Tasos Dentsas

Personal information
- Full name: Anastasios Dentsas
- Date of birth: 19 March 1982 (age 44)
- Place of birth: Vamvakofyto, Greece
- Height: 1.82 m (6 ft 0 in)
- Position: Midfielder

Team information
- Current team: Panserraikos U17 (manager)

Senior career*
- Years: Team / Apps / (Gls)
- 1997–2002: Panserraikos / 48 / (1)
- 2002–2006: OFI / 99 / (2)
- 2006–2007: Iraklis / 15 / (0)
- 2007–2012: Panetolikos / 110 / (8)
- 2012–2013: Platanias / 33 / (1)
- 2013–2015: Ethnikos Gazoros / 24 / (0)
- 2015–2017: Kavala / 0 / (0)
- 2017–2019: Apollon Paralimnio / 0 / (0)

International career
- 2003: Greece U21 / 6 / (0)

Managerial career
- 2019–2023: Panserraikos U19
- 2023–: Panserraikos U17

= Anastasios Dentsas =

Greek footballer

Anastasios 'Tasos' Dentsas (Greek: Αναστάσιος 'Τάσος' Δέντσας; born 19 March 1982) is a Greek retired footballer and coach. He has been capped with the Greek U-21 squad.

==Club career==
Born in Vamvakofyto, Dentsas began playing football for local side Panserraikos in the Beta Ethniki.
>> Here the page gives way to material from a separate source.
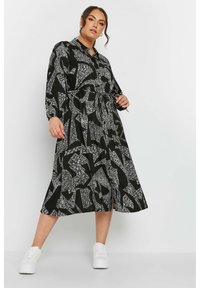 Abito midi nero con motivi astratti bianchi, maniche lunghe, chiusura a bottoni, cordoncino in vita e spacco laterale. Abbinato a sneakers bianche.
He played for OFI and Iraklis in the Super League Greece. In the summer of 2007, Dentsas joined Panetolikos, which was playing in the Gamma Ethniki at the time, and was an integral part and a captain of the squads that led Panetolikos to the Super League Greece in the summer of 2011. On 2 January 2012, he was released from Panetolikos. On the same day, his transfer to Platanias was announced.